▶ _Recorded data_:

_____

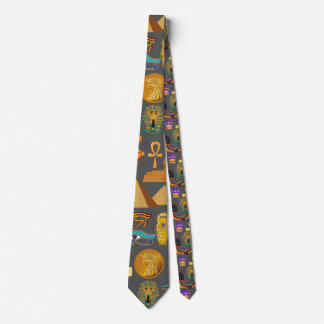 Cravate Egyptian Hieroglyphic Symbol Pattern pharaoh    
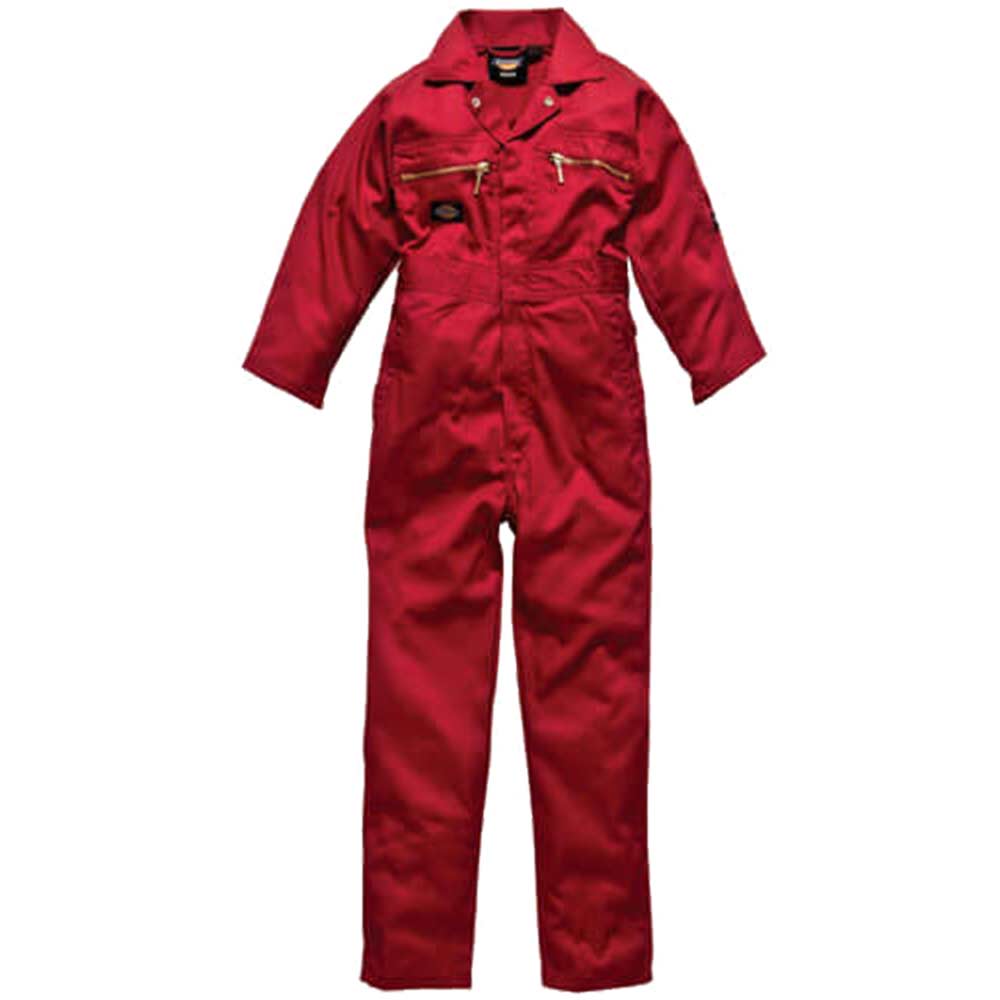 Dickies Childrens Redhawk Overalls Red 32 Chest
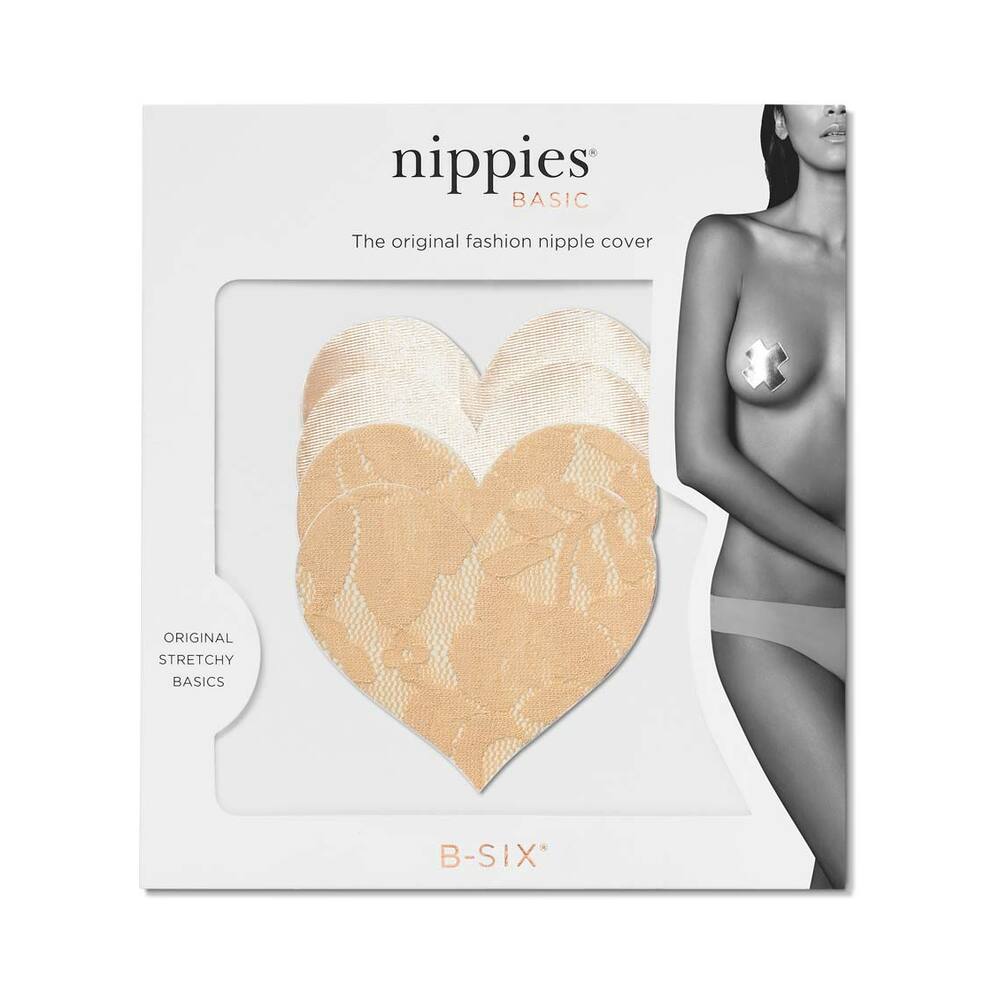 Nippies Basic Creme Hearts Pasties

_____

▶ _Exercise_:
Write out the whole listing above exactly; do not include the pictures.

▶ _Answer to this task_:
 Cravate Egyptian Hieroglyphic Symbol Pattern pharaoh    
 Dickies Childrens Redhawk Overalls Red 32 Chest
 Nippies Basic Creme Hearts Pasties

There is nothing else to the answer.